Evan knew that, if the books were followed (which she hoped was not the case), Tessa would be Changing into John Shade now, under the impression that Mortmain had sent the yin fen to Jem. Which he had promised, considering he still had no idea that Jem was cured. But now, Mortmain had another threat hanging over Tessa - Evan's life. Mortmain decided that Evan was useless (and not worth the trouble) and injected her with something that Evan recognized from one of the books she'd checked when trying to find proof that Jem could be cured - a simple warlock's poison. He had the antidote, of course, but if Tessa refused to Change, he wouldn't cure Evan.

The poison hurt. It felt like there was acid slipping through her veins instead of blood. Which was why she kept walking; her feet were bloody from the jagged rocks and the shackle and distracted her from the pain in her body. In a couple hours, Evan knew, her mind would start to disintegrate.

Evan kicked at the wall again hearing a dull crack - she'd dislocated her toe. Again. Evan sighed, rolling on her foot to pop it back into place before she'd began walking again. She was a horrible protector, she decided. It was a wonder Will said he loved her - Evan couldn't seem to do anything right.

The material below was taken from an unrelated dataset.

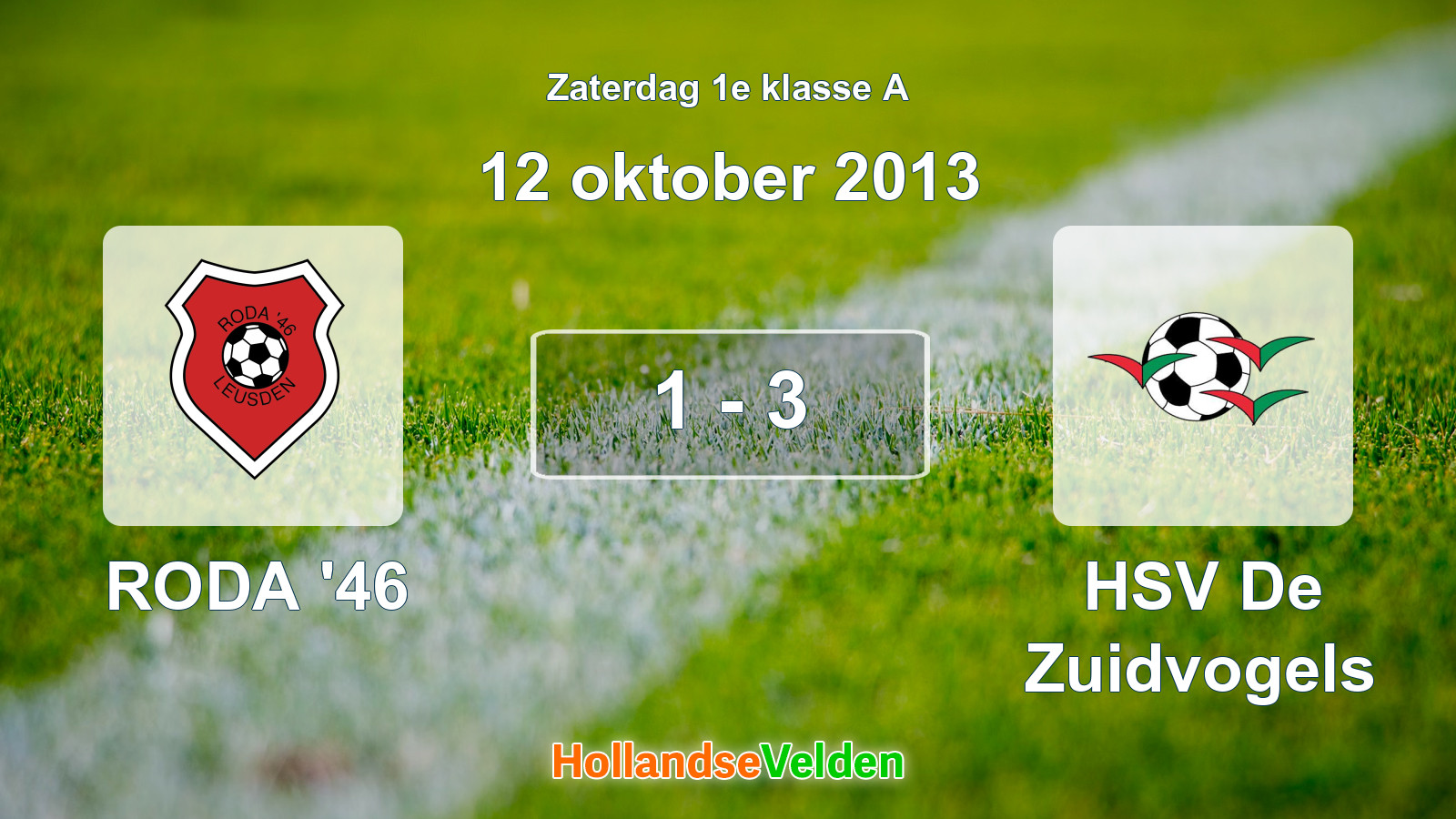 Gespeelde wedstrijd: RODA '46 - HSV De Zuidvogels 1 - 3 (12 oktober 2013)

Evan kicked the wall again; the last thing she needed was to be selfish and pitiful. Evan raked her hands through her hair and remembered something that Jem had said once 'heros endure because we need them...' if that was the case, Evan was a poor hero. Then she shook her head again; she was hardly a hero. No, she was more like a vague secondary character who was merely there to be there - someone to fill the unspoken void of absence. Every book needed one; for Harry Potter it was Luna (as much as Evan loved Luna), for Percy Jackson it was Rachel Elizabeth Care or even Nico DiAngelo, for The Hunger Games it was Gale and for Divergent it was Christina - Evan shook her head again; she was losing it.

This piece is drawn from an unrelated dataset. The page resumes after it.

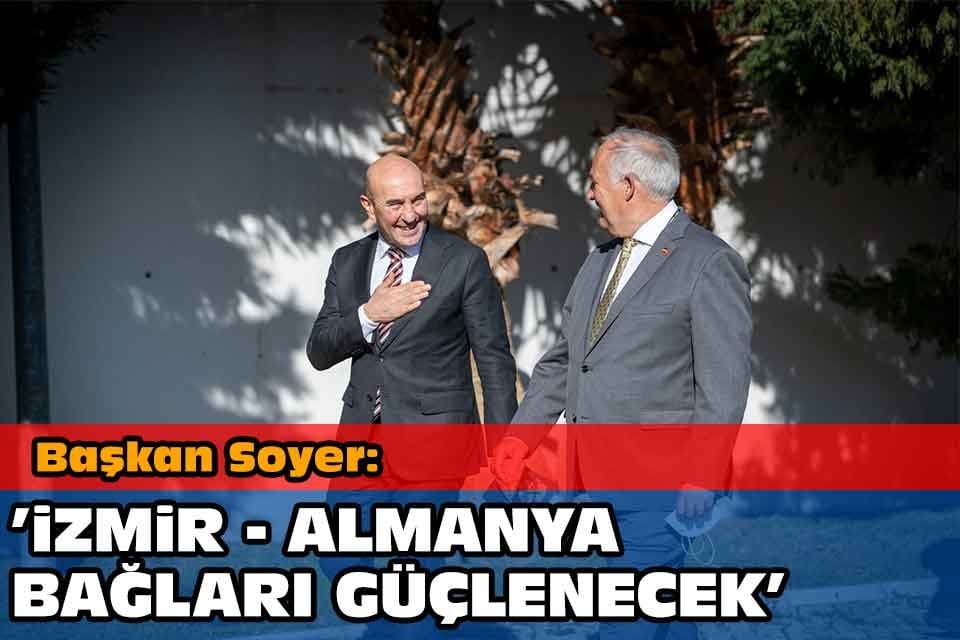 İzmir B&uuml;y&uuml;kşehir Belediye Başkanı Tun&ccedil; Soyer, Almanya&rsquo;nın İzmir Başkonsolosu Detlev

On the brighter side of things, the poison was a dull ache in her body now... or maybe that meant she was dying more quickly now. Evan looked around her - she was sprawled on the floor now - how'd she get there? Oh, Evan remembered meekly, right; I fell in love with Will Herondale.

Her thoughts were a jumbled mess now. Were there people talking around her? Or were those the voices of her family calling out to her? Was she going crazy? She supposed that it didn't matter anymore. Whatever it was, it washed over Evan and she could no longer tell reality from fantasy.